The PSIs and TPMs are first evaluated elsewhere (repos quantif_exon_skipping and stringtie_quantif).
R/prefilter_quantifs.R takes PSI and TPMs and prefilters to keep only relevant cases. R/prep_graph_power4.R makes the train/test split, and saves the matrices ready to be used directly in main script.
Main file: graph_power4_oncluster.R. Can be called from CLI with right arguments: use src/dsq_create.sh to create a job array. This file describes a workflow using the steps defined in functions_steps.R, and there are many helper functions in loss_functions.R (which could be a package).

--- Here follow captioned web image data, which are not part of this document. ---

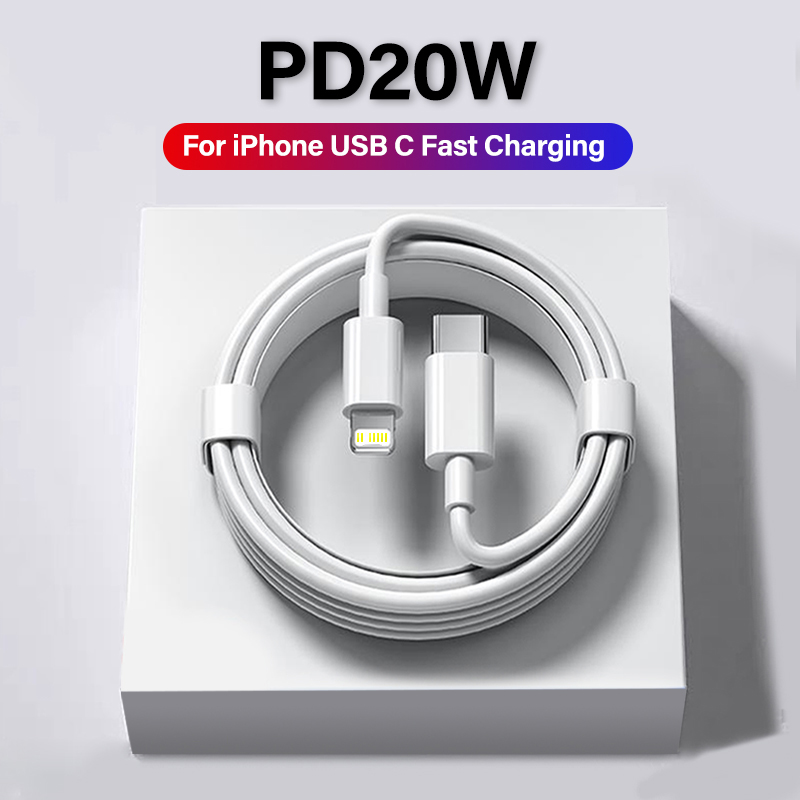 Tech Accessories Apple - Für APPLE PD 20W Schnelle Ladekabel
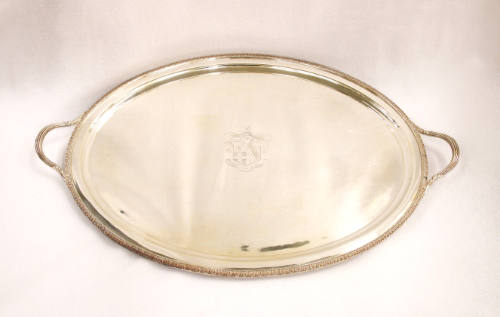 Oval Tray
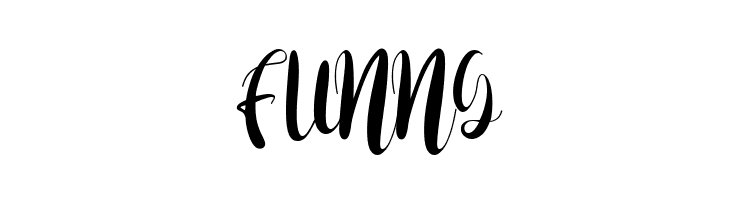 Amanda Michael Regular  Free Fonts Download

Note: for permutations, if permutation == 0 , no permutation, any number bigger than 0 indicates that permutation should be performed (the value doesn't matter). The seed for the entire script is set by sum(permutations)` to avoid having independent runs identical, but there shouldn't be much else affected (the diagonal in CLIME for a big penalty is also randomly generated).

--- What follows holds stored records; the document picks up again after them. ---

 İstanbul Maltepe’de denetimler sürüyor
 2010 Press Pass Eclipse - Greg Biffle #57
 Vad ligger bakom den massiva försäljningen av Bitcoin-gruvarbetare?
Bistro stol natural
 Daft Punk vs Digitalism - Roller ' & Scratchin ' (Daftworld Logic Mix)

Everything run as a dSQ (dead simple queue) joblist. In src/dsq_create_*, scripts to create the job from a joblist in joblists/.
-
First run joblist
noperm_glassoQuicClime.txtto try all algorithms with a few penalties (used to generate heatmap Fig. 7B). In parallel, runnoperm_noperm_Scio.txtwith less memory, more time (note the names are wrong, in fact it's CLIME that is performed separately). -
Then run joblist
nopermglasso_k.txt, focusing on a single algorithm but trying out different k in knn imputation (Fig. S5B). -
Then "perm.txt" uses single algorithm and k, and runs permutation tests at all penalties (Fig. S5C, Fig. 7C). Finally, "final.txt" reruns a single time at best penalty (and algo and k, and a single permutation), but saves the full intermediate object for in-depth examination.
After being run, download all csv files, and use analysis_from_cluster.R, which sources analysis_helpers.R and performs the comparisons (Fig 7B,C, S5B,C). The adjacency matrix is loaded and analyzed in analysis_network.R to create the subnetworks (Fig 7D,E, S5D).

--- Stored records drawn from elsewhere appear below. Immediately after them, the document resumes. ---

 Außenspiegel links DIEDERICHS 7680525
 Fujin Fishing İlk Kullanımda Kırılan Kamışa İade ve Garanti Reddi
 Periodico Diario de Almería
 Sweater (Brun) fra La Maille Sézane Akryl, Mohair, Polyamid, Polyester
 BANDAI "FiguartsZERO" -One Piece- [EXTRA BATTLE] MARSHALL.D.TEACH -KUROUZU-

Some "manual" explorations are in graph_power4_postanalysis.R (used to e.g. compare the impact of individual changes, not included in the paper).
In regression_functions.R, fit PSI = C * TPM
In simulation_perm_test.R
Adapted to run on Ruddle: ruddle_permutation_test_PSI_vs_TPM.R, ruddle_permutation_test_PSI_vs_TPM_sim.R, then results interpretation in simulation_perm_test.R and results_permutation_test.R.